Para confirmar que as secreções intestinais da U. plumipes eram realmente tóxicas, injetaram-nas em moscas-da-fruta.
Para comparar, também injetaram as moscas com secreções intestinais de uma espécie de aranha venenosa. Ambos os tipos de secreções mataram as moscas, sugerindo que a U. plumipes usa os seus fluidos digestivos tóxicos para matar, mas que estas secreções intestinais são comuns nas aranhas em geral.
Ou seja, o veneno que outras aranhas utilizam nas presas não “migrou” para o intestino. A U. plumipes terá aprendido a usar de forma inovadora secreções intestinais já existentes. Os cientistas publicaram recentemente as conclusões na revista BMC Biology.
“O sistema de veneno é dispendioso… consome energia metabólica para produzir veneno e manter o sistema”, explica Jenner. “Portanto, nestas aranhas, a perda do sistema de veneno significa que tiveram de aprender outra forma de imobilizar as presas”.

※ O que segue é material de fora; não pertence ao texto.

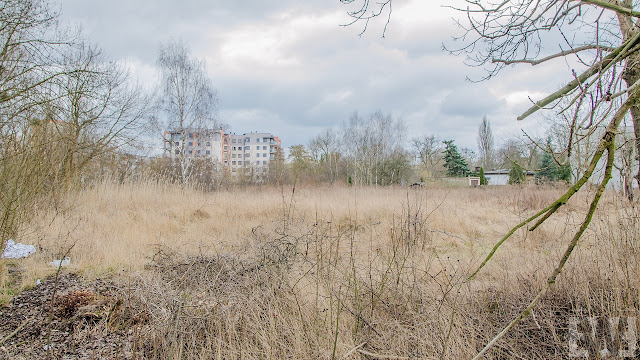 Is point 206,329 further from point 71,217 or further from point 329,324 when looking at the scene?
point 71,217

O segredo da imobilização da U. plumipes está no extenso embrulho com seda e na aplicação igualmente abundante de fluidos. A aranha faz “um burrito” da sua presa, diz Jenner.
Depois regurgita fluidos digestivos tóxicos sobre todo o pacote, o que mata a presa e dissolve os seus tecidos. “Uma aranha só ingere alimento líquido, por isso tem de aspirar o “caldo digestivo” resultante da regurgitação dos fluidos”, explica Jenner.
Normalmente, as aranhas apenas injetam toxinas através das feridas de mordida, de modo que, se o veneno não matar a presa, o vómito tratará do resto. “É uma característica conservada ter fluidos digestivos tão potentes, mas a ideia é que estas aranhas não venenosas o adaptaram para usá-lo na caça”, afirma Zancolli.
Quanto à razão pela qual a família U. loboridae perdeu por completo as glândulas de veneno na cabeça, Jenner acredita que se deve ao facto de já não precisarem de veneno para dominar as presas. “Acho que se tornaram tão especialistas a fazer “burritos” de seda que deixaram de precisar de veneno para imobilizar”, diz.
Algumas cobras marinhas evoluíram de forma semelhante, perdendo todos os órgãos relacionados com a produção de veneno na altura em que começaram a alimentar-se de ovos de peixe, que não exigem captura nem imobilização.
Como próximo passo, Jenner considera que os cientistas devem analisar a expressão de determinados genes de toxinas ou venenos em toda a árvore filogenética das aranhas e também noutras aranhas e aracnídeos.
“Foi muito interessante ver quantas toxinas estão presentes no intestino” da U. plumipes, diz Jenner. Mas será que estas toxinas também existem noutras aranhas.
De uma forma ou de outra, ao longo do tempo, as aranhas parecem ter aprendido várias maneiras de saborear o seu almoço líquido.